Several real world examples have occurred where the honeypots have been used to track attackers. The honeypot project is one of the largest projects in the IT environment. The projects are listed in the https://www.honeynet.org/ website. The project contains 30 security professional with the aid of Sun Microsystems security professionals. For example, the Capture BAT is the behavioral analysis tool that is able to monitor the activities of hacker across different Win32 operating systems. One of the real world examples of the honeypot application is its use to detect the activities of the credit card frauds. The Honeynet organization, and its alliance members have been using the honeynet to monitor the activities of individuals who steal and trade in the credit card information. In the past, the credit card penetrators generally called carders work on their own. However, at present, there have formed an organized syndicate who deals with the stolen credit card information linking thousands of carders globally specializing in the IRC channels and illicitly compromising merchant sites to steal their credit card information. The Honeynet organization develops the similar IRC channels to enhance the activities of the credit card fraudsters. The principal IRC channels used for the Honeypot to track the criminals are:

#cc

#ccinfo

#masterccs

#ccards

#thacc

#ccs

#ccpower

#virgincc

#thecc

The principal's associated websites used to track the activities of carders are:

www.ccworldz.net www.ccpowerforms.org www.ccpower.info www.ccsquad.org www.ccpowerforums.net www.forum-gs.net

The Honeynet Organization develops the honeynet similar to the website used by the cadres to collect as much information as possible about their activities. After setting up the website, Honeynet was able to collect information that the carders use in the IRC channels, which has been identified as the sophisticated automated response bots or generators that assist in collecting credit card information from merchant sites. The criminals use the open proxies to conceal their identities when committing their crimes. The bots can be downloaded from the public website having ability to implement the monolithic script, execute itself and can compromising merchant websites. Typically the carders can use different commands to achieve their goals.
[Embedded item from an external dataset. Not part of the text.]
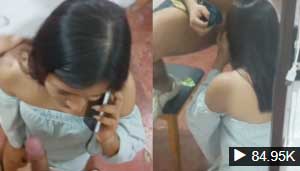 Baby Bigo Live Ulit Tayo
For example, a carder can use the! ccards command to target a merchant database. The! cc command is used to steal the credit card information from merchant database.

The preliminary analysis of the credit card frauds reveals that that bulk of the illegal activities are from Pacific Rim and South East Asia. Moreover, the vast majority of carders who join the IRC channel do not publicly participate, however, the channel serves as a forum to exchange information about different stolen information such as selling the stolen computer equipment and hotel ledger by a corrupt account clerk.